Start of Raw data

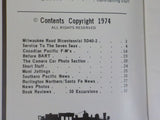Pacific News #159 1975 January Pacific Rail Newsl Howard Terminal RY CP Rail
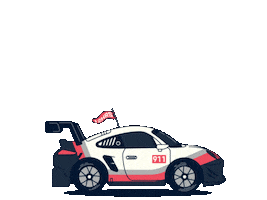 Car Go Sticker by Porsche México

End of Raw data
Start of Raw data

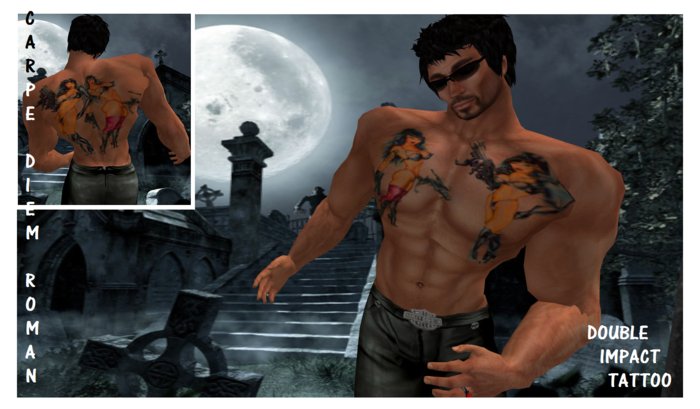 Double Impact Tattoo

End of Raw data

Task to complete
Using the entries above, transcribe exactly from the line that has "Pacific News #159" through the line that has "Car Go Sticker by Porsche México". Pictures are dropped.

Task output
Pacific News #159 1975 January Pacific Rail Newsl Howard Terminal RY CP Rail
 Car Go Sticker by Porsche México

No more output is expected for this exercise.